The U.S. and France in the Sahel
The United States is linked with Sahel nations via the TSCTI (Trans Sahara Counterterrorism Partnership). One of the hallmarks of this effort is Operation Flintlock which is an annual military exercise the U.S. conducts with its African partners. Another avenue for cooperation appeared in early 2019 when Washington reached a deal to accept Burkina Faso into the National Guard’s State Partnership Program. This is a program which pairs countries with U.S. National Guard units instead of front line combat units. This method is considered to be more cost-effective than having regular units conduct the training. Whether or not this program is expanded to the other states in the region is yet to be determined.

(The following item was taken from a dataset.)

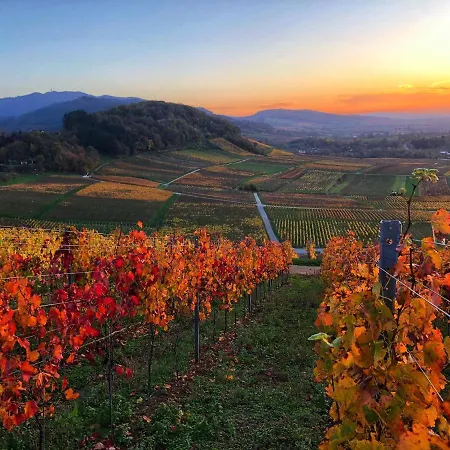 Paradies 2 Castellberg-jakobsweg Döttingen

As for other military deployments, the United States also maintains a military presence, which includes unmanned aerial vehicles, in Niger. There are also small detachments of U.S. Special Forces in Burkina Faso, Chad, Mali, Mauritania, and Niger. According to former Secretary of Defense James Mattis, there were at least 1,000 troops in Nigeria, Niger, and Mali during his tenure in office. Nevertheless, there are concerns that the Trump administration may decide to reduce its presence in this region in order to divert troops elsewhere to deal with other emerging threats.
Moreover, as these states are also former French colonies, they have close ties with Paris as well. France commenced its military activities in the region via Operation Barkhane in 2014, and according to the BBC, there are approximately 4,500 French troops in the region, helping Sahel troops and the UN Mission in Mali (MINUSMA).
Africa is a dynamic continent where, tragically, there is a long list of security threats that affect and torment local populations. For every positive story, such as Eritrea and Ethiopia improving bilateral ties, we hear about new security challenges, which are lately focused on the Sahel region (not that violence and the Ebola outbreak in the Democratic Republic of the Congo is any less tragic). In this scenario, extra-regional actors, from the U.S. to China, to a former colonial power like France, continue to have an active presence in Africa. The Russian Federation is a relative newcomer to this region, the USSR’s ties with Africa during the Cold War notwithstanding. However, Moscow is making up lost ground by increasing weapons sales, deploying private defense companies and also organizing a major economic summit to promote trade and investment.
Out of this conglomerate of geopolitical and domestic factors, extra-regional actors and ongoing challenges, whether they be security-related or political, analysts should pay particular attention to the Sahel region, particularly Burkina Faso, Chad, Mali, Mauritania, and Niger, as these governments are bearing the brunt of the consequences of instability in Libya and elsewhere.
The views expressed in this article are those of the authors alone and do not necessarily reflect those of any institutions with which the authors are associated.